A Justiça de São Paulo condenou Hans River do Rio Nascimento, ex-funcionário da empresa de disparo em massa Yacows, a indenizar a jornalista Patrícia Campos Mello, repórter da Folha, em R$ 50 mil por danos morais.

A decisão, tomada nesta quarta-feira (14), é do juiz André Augusto Salvador Bezerra, da 42ª Vara Cível de São Paulo, que determinou ainda que Hans pague as custas processuais e os honorários advocatícios no valor de 15% da condenação. Cabe recurso.

A repórter acionou a Justiça após ser insultada por Hans no dia 11 de fevereiro do ano passado, quando o ex-funcionário mentiu ao prestar depoimento à CPMI das Fake News, no Congresso Nacional, acusando a repórter de ter se insinuado sexualmente a ele em troca de informações.

Hans trabalhou para a Yacows, empresa especializada em marketing digital, durante a campanha eleitoral de 2018.

Em dezembro daquele ano, reportagem da Folha baseada em documentos da Justiça do Trabalho e em relatos do depoente Hans mostrou que uma rede de empresas, entre elas a Yacows, recorreu ao uso fraudulento de nome e CPFs de idosos para registrar chips de celular e garantir disparo de lotes de mensagens em benefício de políticos.

Sem apresentar provas, Hans disse aos parlamentares que Patrícia queria “um determinado tipo de matéria a troco de sexo”, declaração reproduzida em seguida nas redes sociais pelo deputado federal Eduardo Bolsonaro, filho do presidente.

A Comissão Parlamentar Mista de Inquérito (CPMI) das Fake News, que investiga a divulgação de notícias falsas nas redes sociais e assédio virtual, raliza oitiva decorrente do requerimento nº 214/2019.Mesa:relatora da CPMI das Fake News, deputada Lídice da Mata (PSB-BA);presidente da CPMI das Fake News, senador Angelo Coronel (PSD-BA);depoente Hans River do Rio Nascimento.Foto: Jane de Araújo/Agência Senado
Hans River do Rio Nascimento depõe na Comissão Parlamentar Mista de Inquérito (CPMI) das Fake News, que investiga a divulgação de notícias falsas nas redes sociais e assédio virtual - Jane de Araújo - 11.nov.20/Agência Senado

Em sua decisão, o juiz citou a escritora portuguesa Grada Kilomba ao afirmar que o ataque sexista contra Patrícia é resultado de uma lógica de silenciamento herdada do colonialismo que trata determinados setores populacionais —negros, indígenas, e mulheres— como inferiores para dessa forma dominá-los.

Apesar de a Constituição vedar qualquer forma de discriminação, a decisão destaca que o “tratamento da mulher como objeto de dominação” persiste em relações públicas e privadas, e que o ataque sexistas a mulheres que ocupam alguma posição de destaque social configura “um trágico exemplo”.

“Sucede que as críticas dirigidas à autora pelo réu, citado na reportagem, não focam o trabalho.

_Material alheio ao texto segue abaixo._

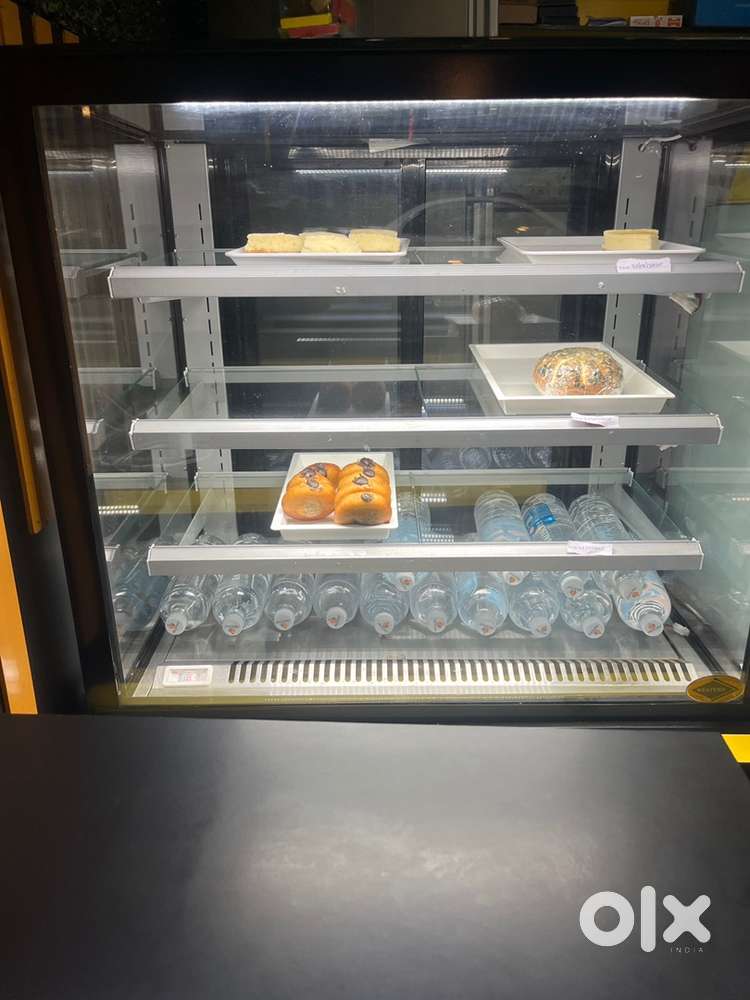 Wester pastry cabinet (4x4) 2 pcs available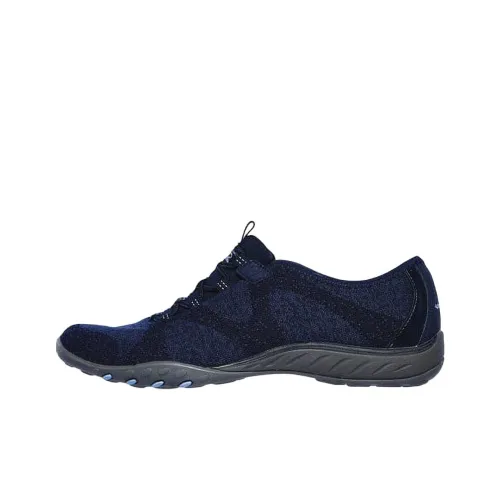 Skechers Active Breathe Easy Амортизация Slip-resistant Breathable Low Top Casual Shoes Women's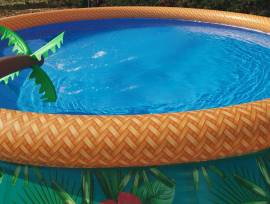 Piscina Bestway Paradise Palm 457x84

Focam a sua condição de mulher, o objeto de dominação sexual, conforme históricas práticas colonialistas que, em pleno século 21, ainda proporcionam forma ao sexismo”, diz.

“O recado parece evidente. Sob tal raciocínio, as mulheres devem ser silenciadas; não podem ter uma posição social de destaque; não podem pronunciar-se; devem limitar à posição de objeto de exploração sexual”, acrescenta.

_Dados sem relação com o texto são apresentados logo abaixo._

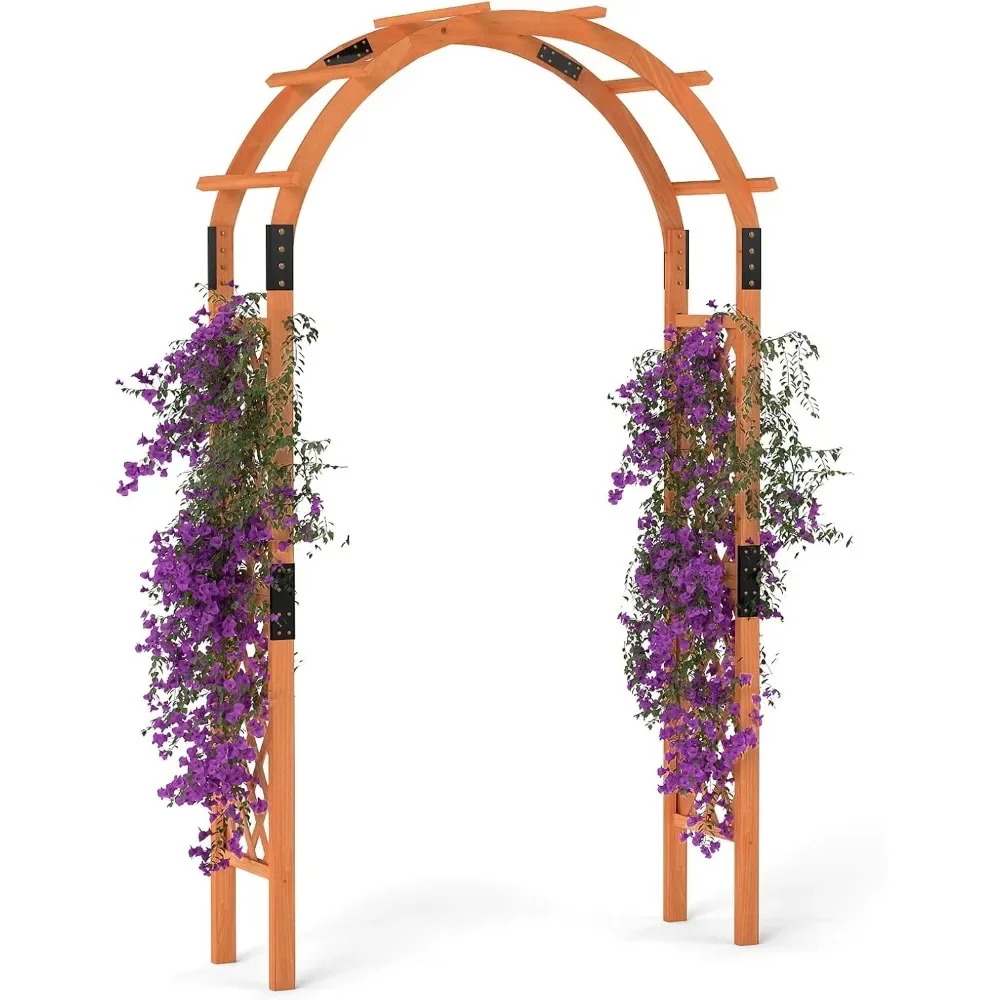 Wooden Garden Arbor image 1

A decisão diz ainda que a acusação feita por Hans atingiu a repórter como ser humano. "Cabe salientar que tais sofrimentos são evidentes e a demonstração de existência dos mesmos independe, realmente, de maiores comprovações, além das constantes nos autos."

Outras duas decisões judiciais recentes também condenaram o presidente Jair Bolsonaro (sem partido) e o deputado Eduardo Bolsonaro (PSL-SP) a indenizar a jornalista Patrícia Campos Mello.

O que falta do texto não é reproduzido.